The new Predator B model features a more powerful engine and a larger airframe to boost the bird's combat load. The B model's multi-mission MQ-1 designation--versus the original's RQ-1 for reconnaissance--reflects the ascendance of the Predator's armed capability.
For all their successes, armed Predators lack the performance and weapons payload to take out well-defended targets on a high-intensity battlefield--and survive. Over western Iraq, where firefights between Marines and insurgents are a daily occurrence and the threat from ground fire and shoulder-fired missiles is real. Marine Corps and Air Force manned fighters are providing the most air support.
These manned platforms are equipped with mounted sensor pods that give them many of the same ISR capabilities as Predators, albeit with less endurance.
But in the military's stable of UAVs, armed Predators are only a stopgap--an experimental measure pending the introduction of purpose-designed combat drones--known as joint unmanned combat aerial vehicles. A J-UCAS drone would have traded some of the Predator's surveillance and reconnaissance chops for the performance and survivability to supplement Air Force F-16s and A-10s and Navy F/A18s in the close-air support and battlefield interdiction missions.
J-UCAS began its life at the Defense Advanced Research Projects Agency in 1998. Both Boeing and Northrop Grumman built jet-powered demonstrators: the X-45C and the X-47B, respectively. The X-45 was equipped for in-flight refueling and optimized for Air Force missions that demanded a high degree of stealth. The X-47 was less stealthy, but longer-ranged and designed to operate from Navy aircraft carrier decks.
After seven years of successful design and testing, in November 2005, the Defense Department transferred J-UCAS to a joint Air Force and Navy office and scheduled a fly-off between the demonstrators.
But then the February 2006 quadrennial defense review directed the Navy to wholly take over J-UCAS management. In the 2007 defense budget, the Air Force redirected the J-UCAS funding to a new, vaguely defined, "next-generation long-range strike" development program that, according to observers, is likely to include a mix of unmanned and manned bomber aircraft.
Just months after its graduation from fringe research status to major procurement program, J-UCAS had been downgraded to Navy UCAS, or N-UCAS. The X-47 was largely unaffected, but the X-45 had lost its sponsor and, it seemed at first, any hope of ever reaching production.

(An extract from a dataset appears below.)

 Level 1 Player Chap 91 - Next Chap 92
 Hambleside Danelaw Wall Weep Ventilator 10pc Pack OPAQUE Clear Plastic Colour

Boeing's program manager for unmanned combat air vehicles, David M. Koopersmith, said there was initial disappointment at the company, because the X-45 was showing enormous potential and reaching unprecedented performance milestones.
"We were driving toward the first X-45C flight in early 2007, but we understood that sometimes our customer changed priorities," he said in an interview. "So we as a team have shifted the focus to those changed priorities."
Koopersmith's team of engineers currently is designing a new unmanned combat aircraft for the Navy. The company expects to have a "demonstrator" aircraft by 2011.
It is not yet clear what will happen to the Air Force's three UCAVs --two X-45A's and one X-45C. The two smaller aircraft are warehoused at Edwards Air Force Base, Calif. The larger X-45C is at a Boeing facility in St. Louis. "We are working with the government to disposition all the assets," Koopersmith said.
Several Air Force spokesmen who were contacted by National Defense declined to comment on the issues surrounding the decision to end the X-45 program.
In the eyes of many critics, the Air Force surrendered its first realistic opportunity for a truly revolutionary and affordable air combat capability.
One Boeing employee who worked on the X-45 program said the Air Force's about-face was a long time coming. He asked to not be quoted by name because his views do not reflect the company's official stance.
"We knew even from early 1999 and the original X-45A UCAV contract that we were fighting a political, cultural and budget prejudice that could kill us," said the employee. Many of the Boeing workers from the X-45 program, he said, were angered by the abrupt cancellation of J-UCAS just when they were nearly "on the cusp of making history in the aviation world."
The Defense Department had budgeted $1.8 billion for the X-45C and the X-47B. "We thought that we were mostly out of the woods," said the Boeing employee.
He speculated that the Air Force's decision to withdraw from the program was partly financial--mostly to ensure that the J-UCAS would not drain any procurement funds from high-profile manned aviation programs such as the F-22 and the F-35 fighter jets. Another possible explanation for the Air Force backing away from J-UCAS, the Boeing employee said, is that the X-45 was running headlong against the Air Force's pilot culture that prefers dropping bombs from cockpits, rather than from ground control centers.
Ironically, the Boeing employee said, one of the prime directives in the X-45 program had always been to reduce operational costs by designing a system that didn't require a pilot.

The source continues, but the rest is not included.